[Work instructions]
Take the entries that follow and write them out again, word for word.
BEGIN
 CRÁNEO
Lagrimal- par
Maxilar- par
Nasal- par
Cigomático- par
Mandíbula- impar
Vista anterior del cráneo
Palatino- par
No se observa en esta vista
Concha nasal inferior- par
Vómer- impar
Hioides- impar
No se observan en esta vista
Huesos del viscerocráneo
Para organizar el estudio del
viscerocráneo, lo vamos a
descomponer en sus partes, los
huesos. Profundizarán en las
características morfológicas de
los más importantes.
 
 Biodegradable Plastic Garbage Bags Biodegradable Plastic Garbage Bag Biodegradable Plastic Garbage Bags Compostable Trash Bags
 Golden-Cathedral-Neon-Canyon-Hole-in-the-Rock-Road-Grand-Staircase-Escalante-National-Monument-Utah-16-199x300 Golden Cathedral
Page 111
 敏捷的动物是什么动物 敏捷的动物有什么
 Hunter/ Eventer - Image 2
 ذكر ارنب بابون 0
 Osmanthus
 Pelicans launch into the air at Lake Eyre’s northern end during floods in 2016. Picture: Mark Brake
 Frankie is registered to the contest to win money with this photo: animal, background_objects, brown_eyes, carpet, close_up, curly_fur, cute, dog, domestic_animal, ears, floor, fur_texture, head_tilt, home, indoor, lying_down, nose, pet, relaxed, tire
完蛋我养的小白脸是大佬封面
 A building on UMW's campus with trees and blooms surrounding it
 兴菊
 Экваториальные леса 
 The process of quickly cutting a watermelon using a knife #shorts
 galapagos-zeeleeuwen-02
END
[Response to this task]
 CRÁNEO
Lagrimal- par
Maxilar- par
Nasal- par
Cigomático- par
Mandíbula- impar
Vista anterior del cráneo
Palatino- par
No se observa en esta vista
Concha nasal inferior- par
Vómer- impar
Hioides- impar
No se observan en esta vista
Huesos del viscerocráneo
Para organizar el estudio del
viscerocráneo, lo vamos a
descomponer en sus partes, los
huesos. Profundizarán en las
características morfológicas de
los más importantes.
 
 Biodegradable Plastic Garbage Bags Biodegradable Plastic Garbage Bag Biodegradable Plastic Garbage Bags Compostable Trash Bags
 Golden-Cathedral-Neon-Canyon-Hole-in-the-Rock-Road-Grand-Staircase-Escalante-National-Monument-Utah-16-199x300 Golden Cathedral
Page 111
 敏捷的动物是什么动物 敏捷的动物有什么
 Hunter/ Eventer - Image 2
 ذكر ارنب بابون 0
 Osmanthus
 Pelicans launch into the air at Lake Eyre’s northern end during floods in 2016. Picture: Mark Brake
 Frankie is registered to the contest to win money with this photo: animal, background_objects, brown_eyes, carpet, close_up, curly_fur, cute, dog, domestic_animal, ears, floor, fur_texture, head_tilt, home, indoor, lying_down, nose, pet, relaxed, tire
完蛋我养的小白脸是大佬封面
 A building on UMW's campus with trees and blooms surrounding it
 兴菊
 Экваториальные леса 
 The process of quickly cutting a watermelon using a knife #shorts
 galapagos-zeeleeuwen-02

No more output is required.